In a public filing with the U.S. Securities and Exchange Commission, Baldwin & Lyons disclosed that Michael Edwards’ employment at the company was terminated on Friday. Edwards had been serving as treasurer, chief accounting officer and principal accounting officer.
The filing does not give a reason for the action other than to say that “the termination of Mr. Edwards' employment was not related to any disagreement between the company and Mr. Edwards relating to the company's financial reporting, operations, policies or practices.”
In connection with Edwards’ termination, the company also said that on Monday it had appointed Chief Financial Officer William Vens as principal accounting officer. Vens has served as CFO since August 2016 and would not receive additional compensation for assuming the additional duties, the firm reported.
Baldwin & Lyons did not immediately respond to an IBJ request for more information, and IBJ was unable to locate Edwards on Wednesday morning to seek comment.
Edwards had been with Baldwin & Lyons since 2007. In May 2016, he was appointed vice president, treasurer, chief accounting officer and principal accounting officer during a larger management shakeup at Baldwin & Lyons.
That month, the company’s CEO, its chief financial officer and its deputy chairman/former CEO all retired following clashes with Steve Shapiro, executive chairman of the board.
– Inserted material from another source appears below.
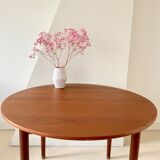 Round teak dining table Scandinavian design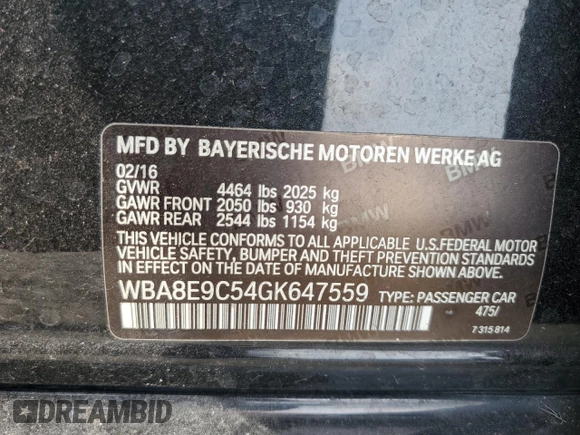 2016 BMW 3 Series 328i with VIN WBA8E9C54GK647559, listed as a Copart auction lot 50257465 with 120,983 mi miles and Salvage Title. Bid and sale history available at DreamBid. Image 12.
Edwards was one of a handful of Baldwin & Lyons employees who assumed new responsibilities. He was 47 at the time.
Last week, Baldwin & Lyons Inc. reported a second-quarter loss of $12.3 million—the company's first quarterly loss in almost six years.
The company, which specializes in insurance for the trucking industry, said it experienced “infrequent, but severe loss events,” which reduced its profit for the quarter even as its gross premiums increased.